Most advisers will complete the search criteria when they first use the system based on their system requirements. Then for each new search, they will only need to change the name, amount and type of investment and the funds to be used (which can be preset). Thus after the first search which takes quite a long time to set the criteria, further reports can be produced very quickly. This is good news for busy advisers.

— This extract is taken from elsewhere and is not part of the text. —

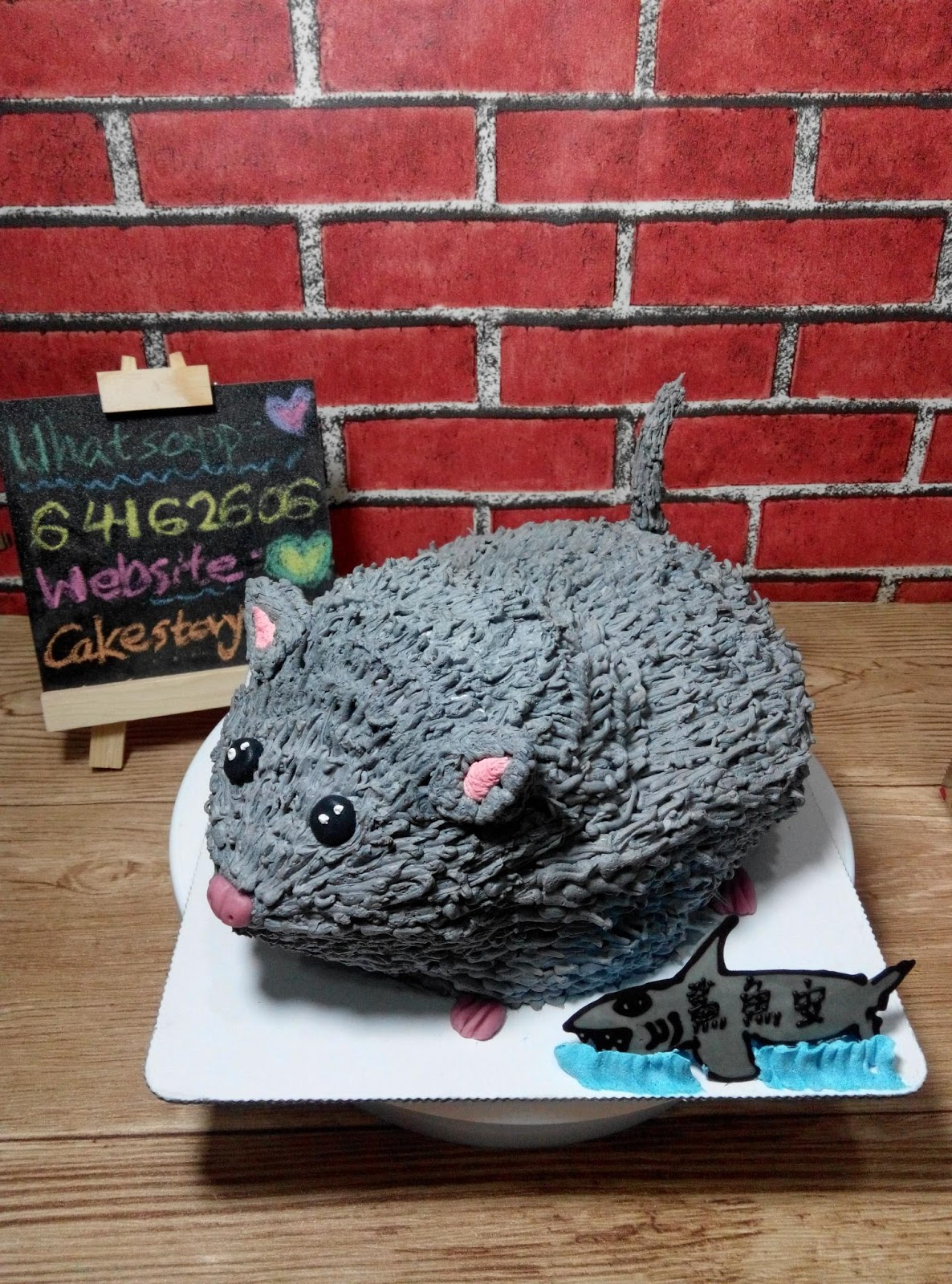 Cakestory 蛋糕物語: 老鼠蛋糕 mouse cake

Once advisers have selected the products for their Centralised Investment Proposition (CIP), they would rather have the research prove the choices that have been confirmed, rather than receive information that their CIP is no longer competitively priced. If this were to become the case, they would then be tempted to use subjective criteria, such as service received from the provider to justify their choice.

The results we want

The research portal systems that filter product features do an excellent research job, but they are fairly easy to manipulate to get certain results. There is anecdotal evidence of advisers who have asked whether the system can identify their favoured provider for new business. Due to the binary nature of these systems, the software will identify whether a product offers a certain feature or not. So if you want a certain result, simply put in a feature that you know is unique or a combination of particular features – hey presto, the system will identify your favoured provider/product.

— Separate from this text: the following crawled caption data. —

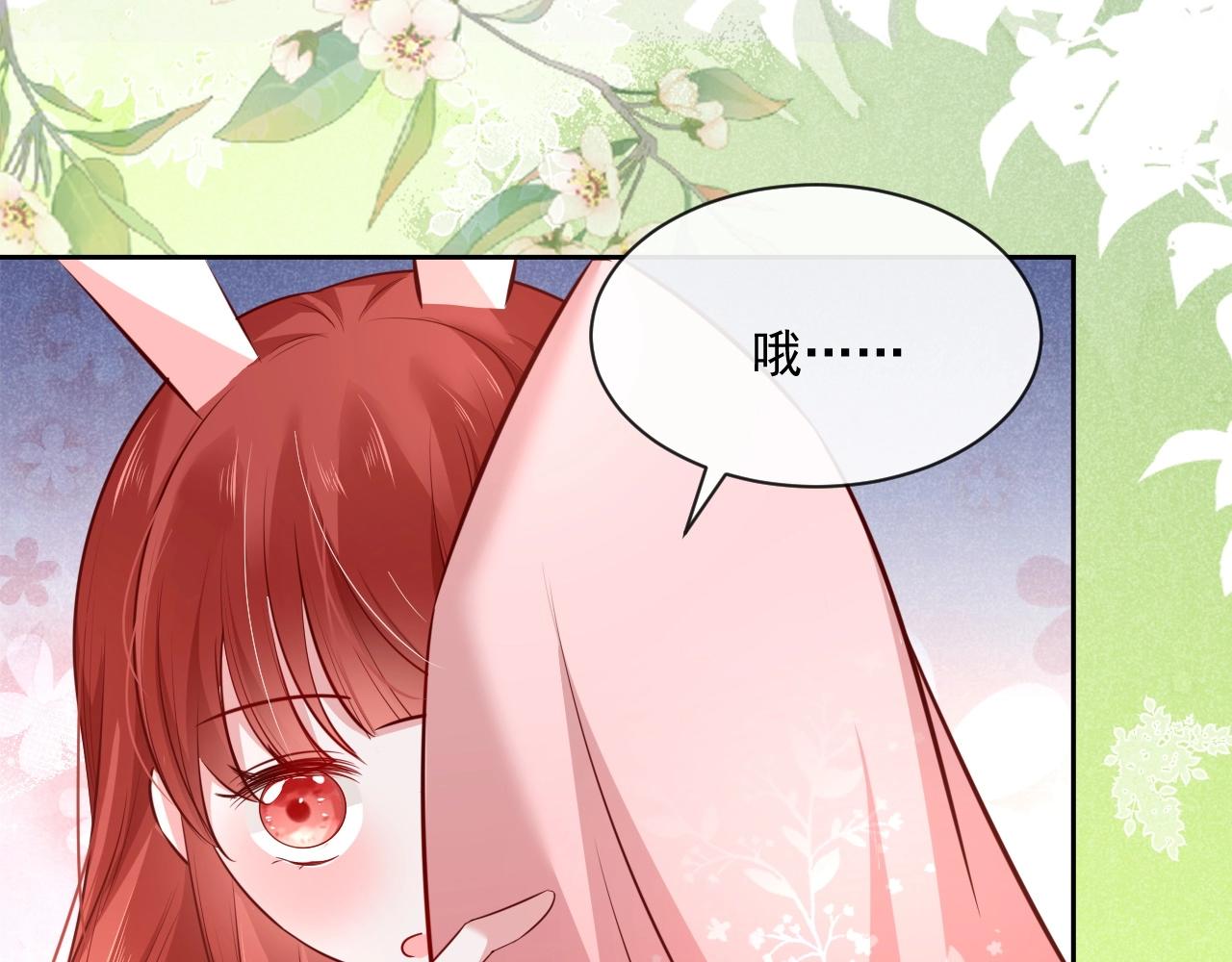 第25话 脸红了68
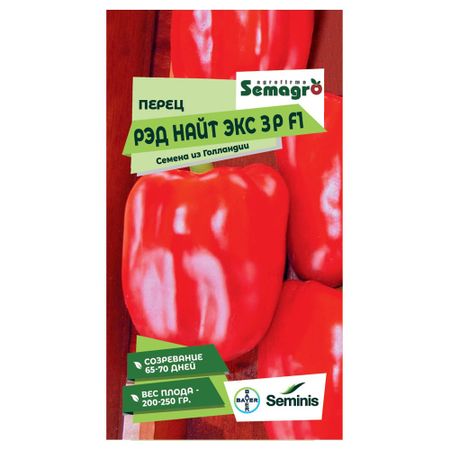 Семена Seminis перец рэд найт f1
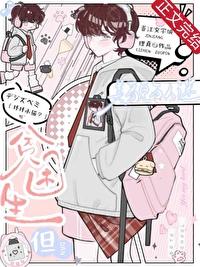 贫穷美貌受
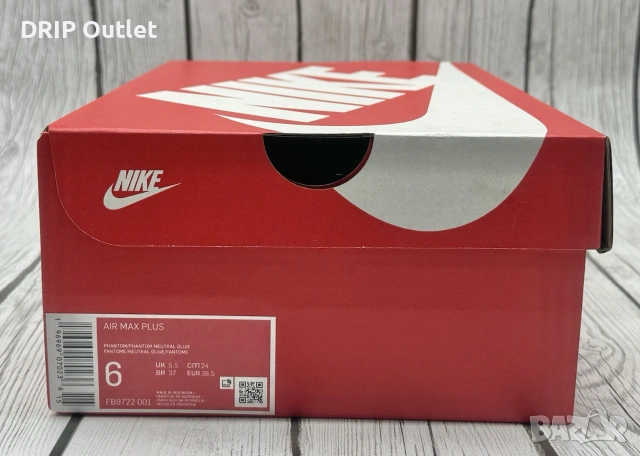 !НОВИ! Nike Air Max Plus 'TN' | Phantom Neutral Olive | + КУТИЯ, снимка 8 - Маратонки - 55283175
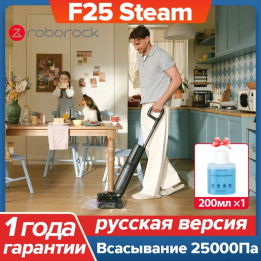Вертикальный/ручной пылесос Roborock F25 Steam, 500 Вт, беспроводной, влажная уборка, пылесборник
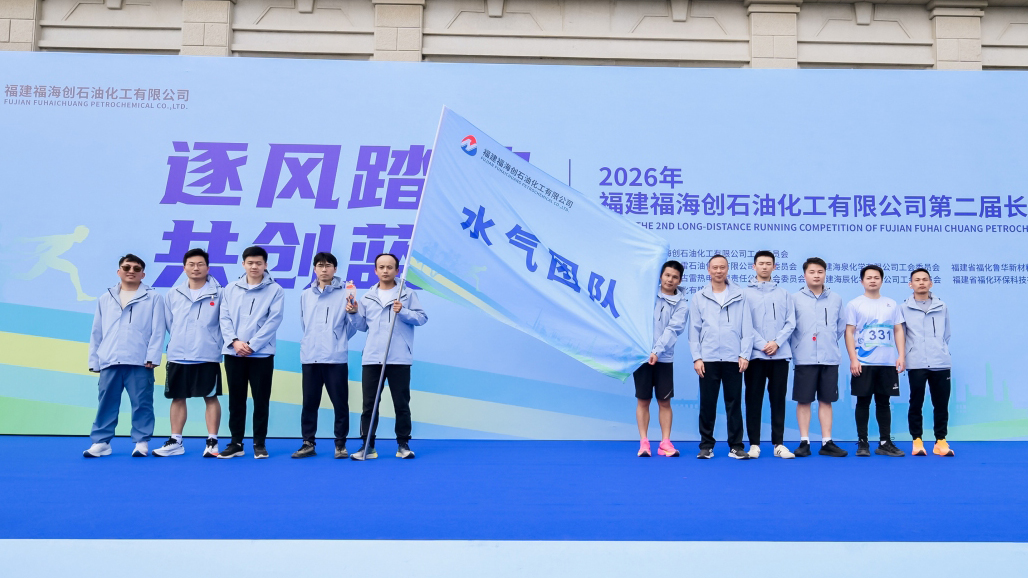 兴发游戏187pt(Macau)股份有限公司-Official website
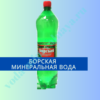 Борская минеральная вода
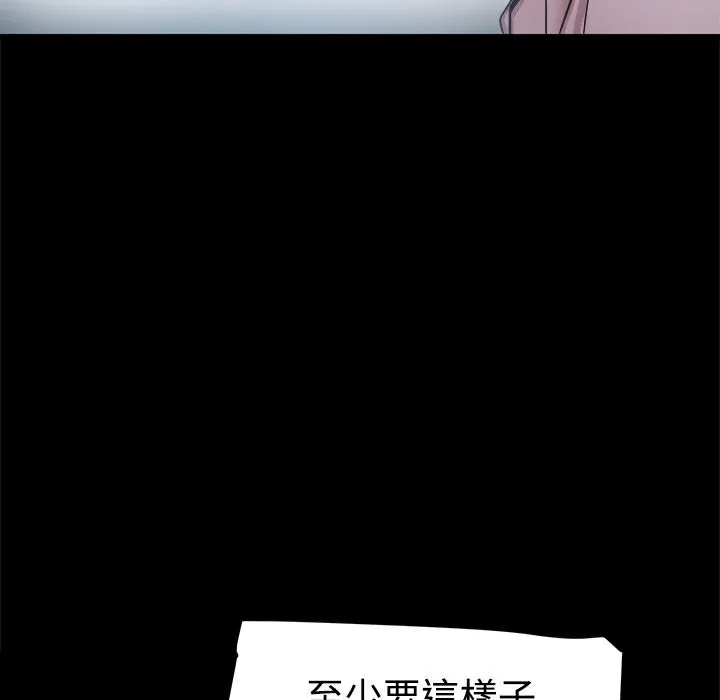 ThrillGirl第16話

So it is possible for an adviser to obtain the required results from the portals to confirm that their CIP continues to be most suitable to their clients. This would not be the intention of the FCA or indeed the portal providers, as they would expect the searches to offer genuine whole of market research. But in the real world, advisers simply do not have the time (or often, the inclination) to undertake a generic, unfiltered search for each client.

Problems in practice

The FCA guidance is that it considers it unlikely that a single platform would be suitable for all the clients of an IFA practice. On the other hand, IFAs use their CIP to make their service more efficient and help them to work with more clients, more regularly. The CIP enables the adviser to access all of the investments of their client and to administer their portfolios all in one place.

Once an adviser has opted for particular product providers and the client accepts the recommendation to proceed with that advice, it is then quite difficult to change such providers. The temptation would be to try to make a bulk transfer, transferring all clients from one provider to the next. However, bulk transfers would not satisfy the Treating Customers Fairly principle of the FCA as it would expect each client to be considered on an individual basis.

We are where we are

The FCA requires IFAs to prove their independence by carrying out and evidencing good quality research to back up the investment recommendations being made to clients. Advisers want to show as far as possible, that they are undertaking the research, as they want to be seen to be compliant. The portal providers supply a very efficient way of undertaking a more complete analysis than individual advisers would be able to do without them.

Once we understand the limitations and malleability of the portals, we realise that although they are not perfect, they are as good as we can reasonably expect. Like any computer, the principle of garbage in, garbage out applies. The search will only be as complete as the user wants it to be.

Computers, as ever, are the victims of human nature.

About Tony Catt

Tony is a freelance compliance consultant. He undertakes a whole range of compliance duties for both IFA and restricted adviser clients.  He was previously an adviser himself with a directly affiliated firm, an experience which helps with his current compliance duties.